Individuals, organizations and even small family businesses fear being unfairly cancelled with no recourse to restore a ruined reputation. In a move unlikely to help relieve this fear, Yelp announced this week that it will now be placing alerts on businesses which have been accused of racism. The USA Today notes that there has been an uptick in viral incidents of racism in the past few months, in particular, “business or business owners accused of discrediting the Black Lives Matter”.
Yelp’s “Business Accused of Racist Behavior Alert” is important because, according to Yelp; “We’re often alerted of discrimination occurring at local businesses across the country on a daily basis and often in smaller towns where they may not even make the news.”

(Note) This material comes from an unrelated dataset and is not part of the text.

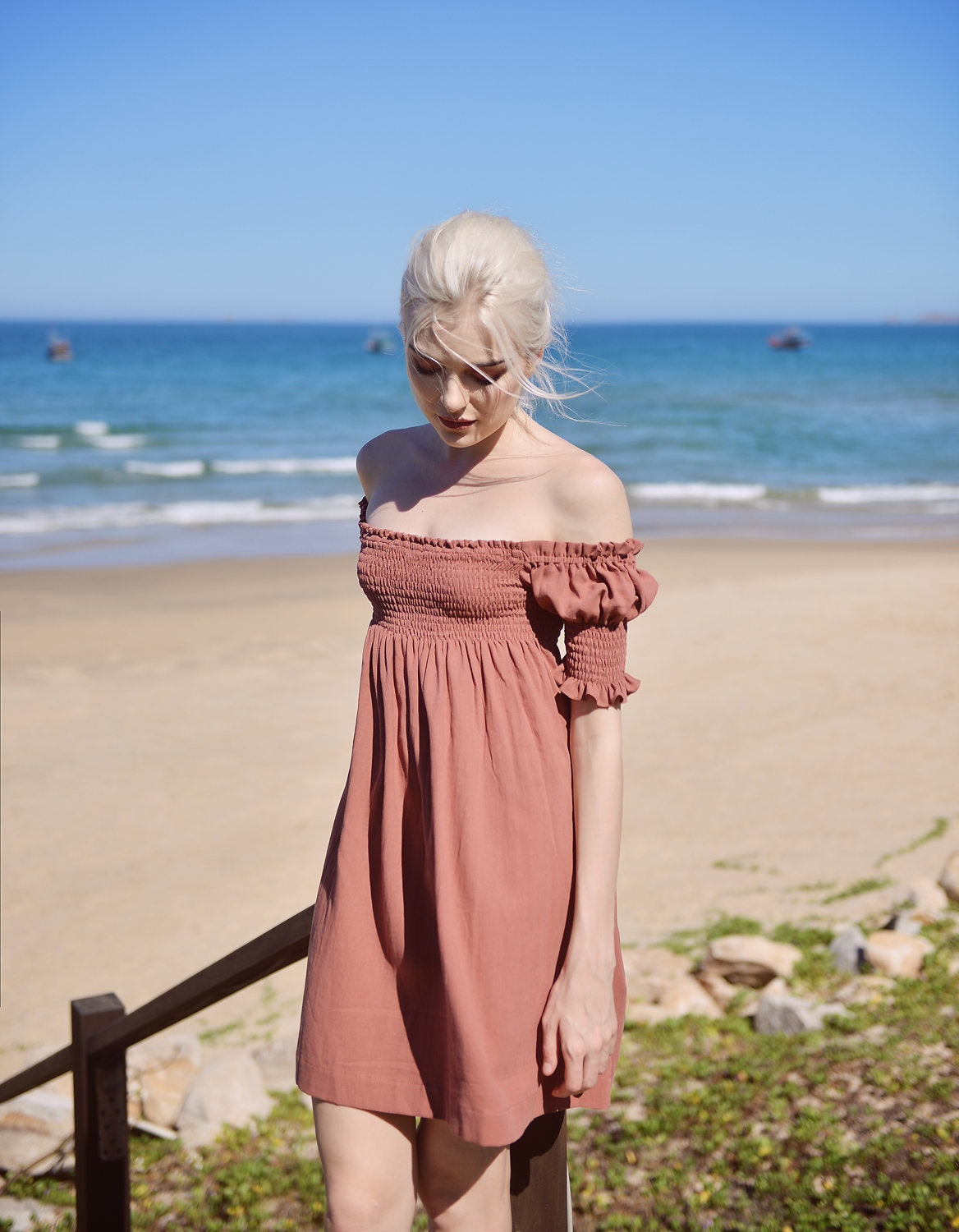 Linen Summer Dress - Women Off shoulder Dress - Linen Cotton Dress - Natural Fabric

Those who don’t believe in cancel culture, or the shy Trump voter are quick to post photos of un-shy Trump voters. True, there are some people who, for whatever reason, don’t care about the social consequences of voting for Donald Trump.
However, if progressives think they know what a Trump voter looks like, they are accepting a boogey-man version of reality.
Most Trump voters look just like everyone else. You’ve probably known some for years. If you are a progressive liberal Democrat who doesn’t believe in the shy Trump voter, do a little thought experiment:
Imagine all the people in your life. Now, imagine how you might react if one of them told you tomorrow that they plan to vote for Donald Trump on Election Day. Ask yourself, if this person would gain any social benefit whatsoever from expressing this unpopular opinion.
Isn’t it at least possible that some people would be more likely to keep those opinions to themselves?
If you don’t believe in the shy Trump voter, congratulations; Joe Biden has a healthy lead in the polls and is a shoo-in for the presidency. Trump’s days are numbered.
However, if you ever wonder about the shy Trump voter- underrepresented in a poll of 500 people that shows Joe Biden with a 16 point lead- it might be time to take a more critical look at the polls. And brace yourself for another election night surprise.